At a a remote Army outpost deep in Vietnam, a heavily armed patrol cuts through several Viet Cong ambushes to deliver a special team being used for an almost suicidal mission. Who steps out of the Army truck? Five Hells Angels bikers led by Link Thomas (William Smith), a tough as nails biker recruited by his brother, an Army major (Dan Kemp), who's limited by international law as to what he can do. Just across the border a few miles into Cambodia, an American diplomat/CIA agent is a prisoner of the North Vietnamese and Viet Cong forces, but American forces aren't allowed to cross the border to rescue him. On the other hand, there's nothing stopping five rogue Hells Angels from hopping on their bikes and riding into Cambodia. With Army backing as long as they're in Vietnam, Link and his men armor their motorcycles with armor-plating, heavy machine guns and grenades, all the while preparing to go in and rescue the captured American.
There are certain low budget genres you just know aren't going to be truly quality moments, many of them from the late 1960s and into the 1970s. Think of the lousier spaghetti westerns, gory, schlocky horror flicks, and in this case, biker flicks. Put a bunch of tough-looking, grizzled bikers on some motorcycles and let the craziness ensue, low budget be damned! If you can embrace that cheap quality, you're in for a treat. Sometimes, it's just too much. I wanted to like this biker action movie from director Jack Starrett (also starring as the paranoid, ranting CIA agent). At its heart, it is a men-on-a-mission movie, a bunch of oddballs working together to pull off a suicide mission. Even the bad ones can be good with that formula, but this one just isn't good enough to recommend. It has a moment here and there, but in between can be rough-going.
For openers, the casting felt like a good jumping off point. A physical bear of a man, Smith is Link, a Vietnam vet turned biker who assembles a team of bikers to pull off a rescue at his brother's behest. He's the leader, but an anti-hero through and through, troubled at what the war has become.
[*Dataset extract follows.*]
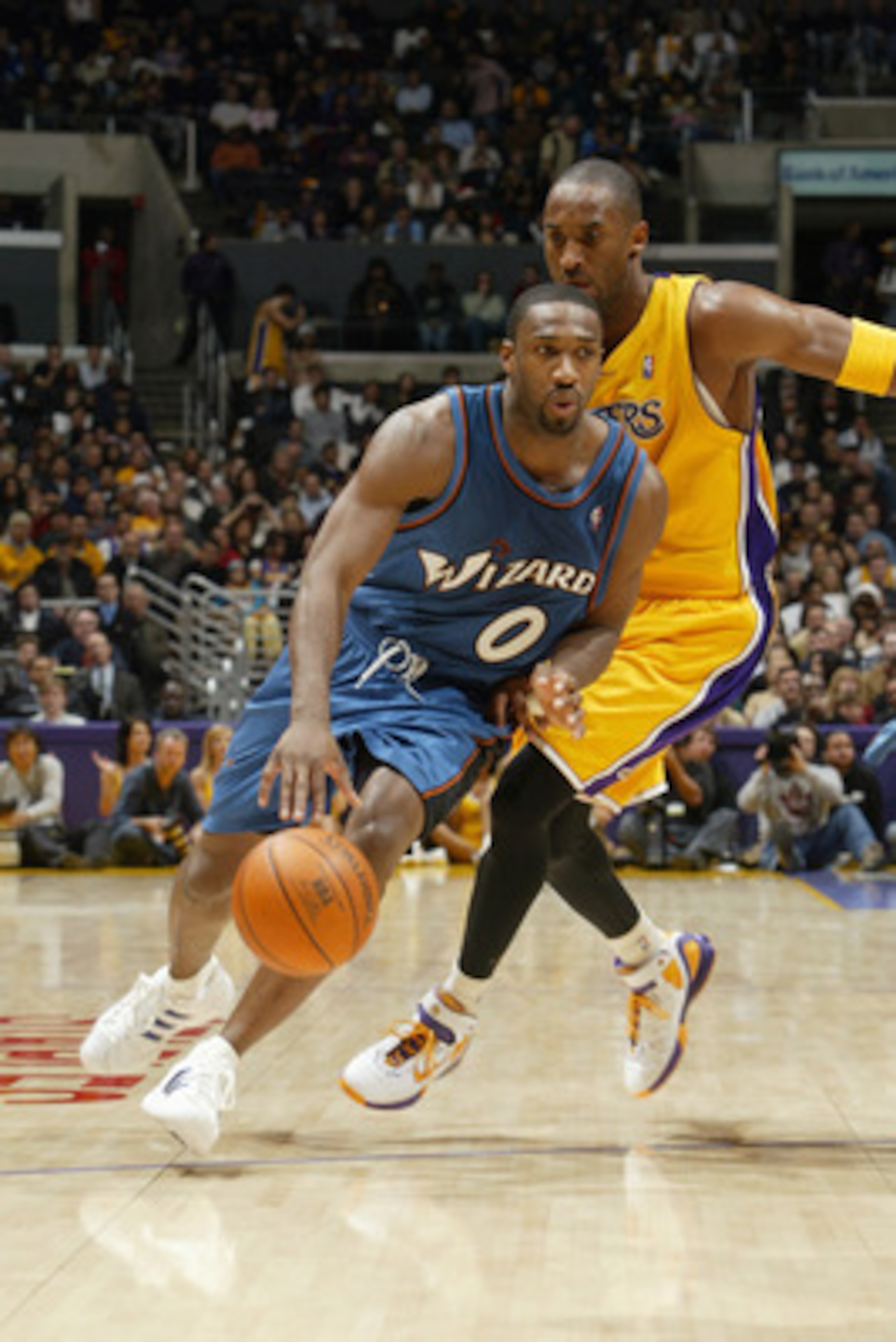 LOS ANGELES - DECEMBER 16:  Gilbert Arenas #0 of the Washington Wizards drives past Kobe Bryant #8 of the Los Angeles Lakers during a game at Staples Center on December 16, 2005 in Los Angeles, California.  The Lakers won 97-91.  NOTE TO USER:  User expre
He has a soft spot for some of the people he runs into, all the while trying to hold his crew together. That group includes biker regular Adam Roarke as Duke, a fellow vet looking to find a past love in the Vietnamese boonies, Paul Koslo as Limpy, similarly finding love in a rundown old house, Houston Savage as Dirty Denny, the pot-smoking, booze-swilling, three-way having biker, and Eugene Cornelius as Speed, the goofy, long-haired hippie with an odd sense of humor. There's also Bernie Hamilton as Capt. Jackson, the regular army officer tasked with keeping the Losers in line, and John Garwood playing his right-hand man, Sgt. Winston.
Some cool potential there, right? That's what I figured, but that's what it remains with little else, potential. I expected a hard-edged men on a mission movie with said men fighting impossible odds. Instead, it's a half-boiled love story. We get Roarke's Duke reuniting with his lost love, walking through the fields dreamily, wondering about the future. Koslo's Limpy falls for a Vietnamese girl with a baby and steps in as a surrogate father. What the hell happened?!? Sure, there's some biker shenanigans, Dirty Denny (of course) having a three-way and then getting in a fight with some locals. There's no story, no sense of urgency, and no rhythm in the least. The bikers party and bitch and fight and screw around, outfit their cycles, and then oh yeah, they head into Cambodia. By that point, I'd been fast-forwarding through huge stretches of so-called 'story.'
If there's a remotely positive saving grace, it is the biker attack on the Red Chinese camp in Cambodia. All sorts of crazy bike stunts, gunfire and explosions throughout make it an exciting, adrenaline-pumping shootout. That isn't the end though, some preachiness saved for the last 15 minutes as a movie about bikers on a suicide mission decides it needs to deliver a message to its viewers. Seems logical, right? The ending is not surprisingly pretty downbeat, but it was yet another case of too little, too late. A pretty bad movie, aided by two folk songs in the soundtrack that try to again, add depth to a story that simply doesn't require it.
Make a movie about Hells Angels rampaging through Vietnam and Cambodia and be content with it. Don't try and make it something more. A disappointment.